Father Mother Sister Brother

Für die einen ist sie ein Segen, für die anderen eine unerträgliche Last: Die Familie. Jim Jarmusch, der Meister der lakonischen Melancholie, seziert in seinem neuesten Werk „Father Mother Sister Brother“ die leisen Bruchstellen zwischen Eltern und ihren erwachsenen Kindern. In drei lose verbundenen Episoden entfaltet sich ein intimes, teils humorvolles Drama über familiäre Nähe und Distanz. Bei den Filmfestspielen in Venedig gewann der Film 2025 den begehrten goldenen Löwen als bester Film.

Der Film ist als Tryptichon komponiert. Drei Geschichten kreisen um die Beziehungen erwachsener Kinder zu ihren Teils distanzierten Eltern und untereinander. In „Father“ besucht ein Geschwisterpaar (Adam Driver und Mayim Bialik) ihren zurückgezogenen Vater (Tom Waits) im Nordosten der USA. „Mother“ ist in Dublin angesiedelt und handelt von zwei Schwestern (Cate Blanchett und Vicky Krieps), die ihre Mutter (Charlotte Rampling) zu einem alljährlichen Teetrinken treffen. In „Sister Brother“ räumt ein Zwillingspaar (Indya Moore und Luka Sabbat) nach dem Tod der Eltern deren Wohnung in Paris aus.

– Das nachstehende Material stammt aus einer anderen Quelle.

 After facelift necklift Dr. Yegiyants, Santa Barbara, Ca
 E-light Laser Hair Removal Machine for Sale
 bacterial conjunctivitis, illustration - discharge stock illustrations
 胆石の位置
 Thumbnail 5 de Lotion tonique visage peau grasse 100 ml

Adam Driver und Mayim Bialik in "Father Mother Sister Brother" Jim Jarmusch

© Vague Nation

„Father Mother Sister Brother“ legt seinen Fokus klar auf Charakterstudien und verzichtet auf dramaturgische Spannungsbögen. Die Dramen entfalten sich nicht durch exzessive Konflikte, sondern durch Blicke voll Unausgesprochenem, peinliche Pausen und winzige, oft seltsame Versuche, Nähe herzustellen. Jarmusch beobachtet seine dabei Figuren mit ruhiger Kamera und bleibt dabei völlig wertfrei. Dem hochkarätigen Ensemble gelingt es, die feinen emotionalen Nuancen überzeugend auf die Leinwand zu bringen, wobei jedoch viele der Darsteller, insbesondere Cate Blanchett, kaum Gelegenheiten bekommen, ihr Potenzial voll auszuschöpfen.

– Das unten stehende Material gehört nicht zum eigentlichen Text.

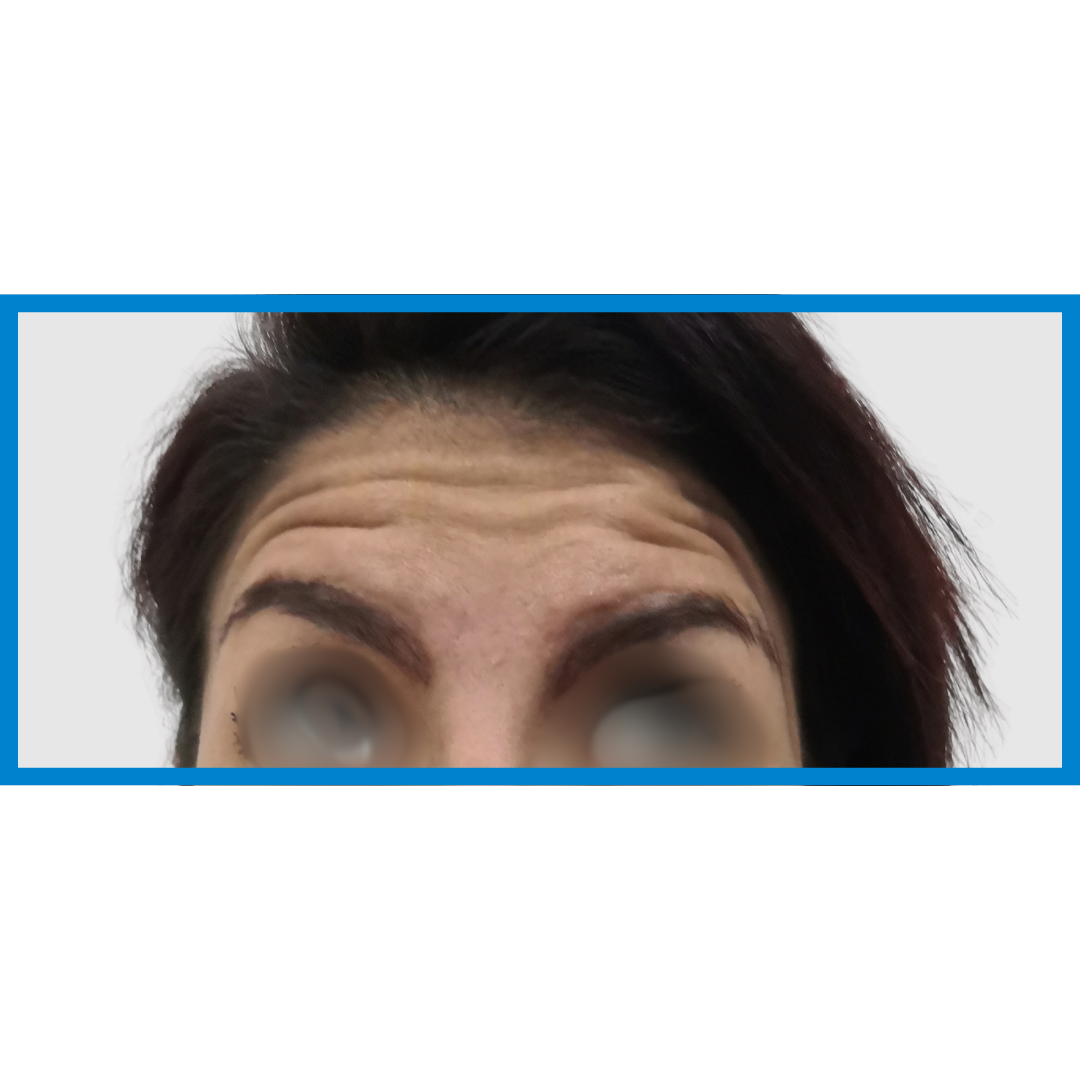 Before-Frente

Formal bleibt Jarmusch seiner Handschrift treu: lange Einstellungen, ein entschleunigter Rhythmus und Stille statt übermäßiger Musik. Immer wieder setzt der Film kleine, wiederkehrende Motive ein – farblich abgestimmte Kleidungsstücke, Phrasen, Gespräche über Wasser oder Uhren – die die einzelnen Geschichten subtil miteinander verweben. Diese Details wirken zunächst beiläufig, entfalten bei genauerer Betrachtung jedoch eine stille Poesie, als würden sie universelle Rhythmen familiärer Erinnerungen sichtbar machen.

Indya Moore und Luka Sabbat in "Father Mother Sister Brother" Jim Jarmusch

© Vague Nation

Trotz starkem Cast und interessanter Ansätze konnte „Father Mother Sister Brother“ mich nicht durchgehend fesseln. Während die erste Geschichte noch eine witzige Wendung hat, verlieren die folgenden Abschnitte an erzählerischem Zug. Gerade im Mittelteil macht sich eine gewisse Redundanz bemerkbar: Blicke, Pausen und Andeutungen wiederholen sich, ohne neue Facetten der Figuren offenzulegen. Die Dialoge kreisen hier spürbar um sich selbst und was als feinfühliges Kammerspiel beginnt, droht stellenweise in Monotonie zu kippen.

„Father Mother Sister Brother“ ist ein Film der Zwischentöne – faszinierend in einzelnen Momenten, aber auch fordernd und bisweilen distanziert. Wer Jarmusch’s minimalistische Erzählweise schätzt, wird hier viel entdecken: viele versteckte Details, trockenen Witz und eine melancholische Reflexion über Familie und Vergänglichkeit. Für die meisten anderen dürfte der Film jedoch zu spröde, zu leise und zu konsequent unspektakulär ausfallen. Ein Film, der mehr Bewunderung als echte Begeisterung auslöst.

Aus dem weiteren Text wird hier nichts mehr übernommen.